Moreover, if the cruise line or the tour operator were to require the purchase of, or otherwise provide, insurance in connection or conjunction with the purchase of travel services, such conduct would run afoul of Insurance Law § 2324 and/or § 4224. See Opinion of Office of General Counsel No. 00- 07-19 (July 27, 2000).
The cruise line or tour operator also would violate these statutes if the cruise line or the tour operator were to pay the traveler’s cost for the insurance (or otherwise “absorb” it into the cost of the travel package) rather than offer the insurance for a separate charge. See Opinion of Office of General Counsel No. 00- 07-19 (July 27, 2000). Insurance Law §§ 2324 and 4224 prohibit an insurer or its agent from offering or giving a rebate not specified in the policy.2 These statutes also proscribe the “tying” of the sale of insurance to the purchase of a particular product or service. Insurance Law § 2324(a) reads as follows:
(a) No authorized insurer, no licensed insurance agent, no licensed insurance broker, and no other representative of any such broker shall make, procure or negotiate any contract of insurance other than as plainly expressed in the policy or written contract issued or to be issued as evidence thereof, or shall directly, or indirectly, by giving or sharing a commission or in any manner whatsoever, pay or allow or offer to pay or allow to the insured as an inducement to the making of insurance or after insurance has been effected, any rebate from the premium which is specified in the policy, or any special favor or advantage in the dividends or other benefit to accrue thereon, or shall give or offer to give, any valuable consideration or inducement of any kind which is not specified in such policy or contract . . . .

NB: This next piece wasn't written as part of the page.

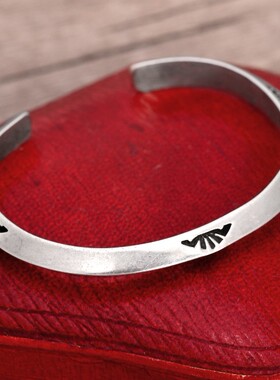 SOLD上层精灵的庭院∮印第安Navajo老三棱蚀刻古董手镯Vintage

Insurance Law § 4224(c) sets forth similar provisions with regard to life and accident and health insurance and annuities.
The only exception to the requirement that the coverage be offered as optional and for a separate charge pertains to accident and health insurance offered to certain groups expressly provided by statute. See Insurance Law § 4235 (c)(1)(L).3 There are no such similar exceptions set forth in the Insurance Law for property/casualty coverages; in fact, group property/casualty insurance is not permissible. Thus, a policy that contains both types of coverage must be offered on an optional basis and for a separate charge. But if property/casualty coverages are involved, they must be offered on an individual, not group, basis.
For further information you may contact Senior Attorney Brenda Gibbs at the Albany Office.
1 Insurance Law § 2114 and 2115 each may be relevant here because a travel insurance policy may provide life, accident and health coverage, as well as property/casualty coverage.
2 This is not to imply, however, that an insurer may include any inducement it wants in the policy. See Opinion of General Counsel No. 07-06-03 (June 4, 2007).
3 Insurance Law § 4235(c)(1)(L) describes, as a permissible group for accident and health insurance, customers of certain types of financial institutions, provided certain criteria are met. The statute allows a financial institution to pay the insurance premiums of the group members provided that all eligible members of the group are insured under the policy.